Pour plus ample exposé sur les moyens et prétentions des parties, il sera expressément renvoyé aux dernières écritures qu'elles ont déposées sur le RPVA, s'agissant de M. [S] [B] le 2 mai 2022, et en ce qui concerne la société SITEL FRANCE le 4 avril 2022.

1. Sur le licenciement verbal

M. [S] [B] fait valoir qu'après l'entretien préalable au licenciement du 19 février 2018, il a continué à travailler et ce jusqu'au 23 février 2018 où la direction lui a annoncé qu'il était licencié et qu'il devait restituer son badge d'accès à l'entreprise. Il renvoie sur ce point à l'attestation de M. [U] [Z] produite en pièce N°14, à son courrier à l'employeur du 24 février 2018 (pièce N°3), ainsi qu'au témoignage de M. [L] [O] (pièce N°10). Il soutient en outre qu'en lui reprochant d'être revenu sur son lieu de travail le 28 février 2018, l'employeur reconnaît qu'il était licencié le 23 février 2018. Il considère en conséquence que son licenciement est dépourvu de cause réelle et sérieuse.

La société SITEL FRANCE relève que si le salarié avait été licencié verbalement le 23 février 2018, il ne serait pas revenu le 26 février 2018 pour se présenter à son poste. Elle conteste les témoignages de MM. [Z] et [O], disant que le premier, qui a été licencié pour faute grave le 9 mars 2020, a volontairement établi son attestation après son licenciement par esprit de revanche, et que le second ne fait qu'évoquer un entretien auquel il n'était pas présent.

Motivation :

En application de l'article L.1232-6 du code du travail, l'employeur est tenu d'énoncer le ou les motifs du licenciement dans la lettre le notifiant au salarié. A défaut, le licenciement est sans cause réelle et sérieuse.

Le licenciement verbal est nécessairement sans cause réelle et sérieuse.

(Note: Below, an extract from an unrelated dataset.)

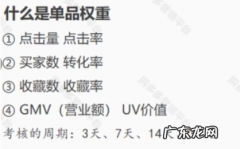 拼多多单品权重包含什么？和什么有关？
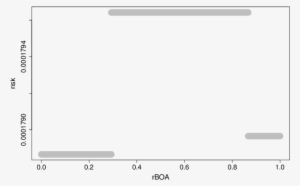Boa Analysis - Ornament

Il ne peut être régularisé par l'envoi postérieur d'une lettre de rupture.

Il appartient à celui qui se prétend licencié verbalement d'en établir l'existence. La volonté de rompre le contrat de travail doit être exprimée sans équivoque. A défaut, la preuve d'un licenciement verbal n'est pas rapportée.

En l'espèce, il est constaté que M. [S] [B] a été convoqué à un entretien préalable au licenciement fixé le 19 février 2018 selon courrier du 7 février 2018, et que la lettre de licenciement est datée du 26 février 2018.

Il résulte par ailleurs du témoignage de M. [U] [Z], qu'aucun élément de l'employeur ne permet de remettre en cause, que le 23 février 2018, M. [S] [B] lui a indiqué que la directrice des ressources humaines venait de lui annoncer oralement, lors d'un entretien, qu'il était licencié. M. [U] [Z] ajoute que quelques minutes plus tard, le chef de plateau a demandé à M. [S] [B] son badge et son casque, ainsi que de rassembler ses affaires et de quitter les lieux dès que possible.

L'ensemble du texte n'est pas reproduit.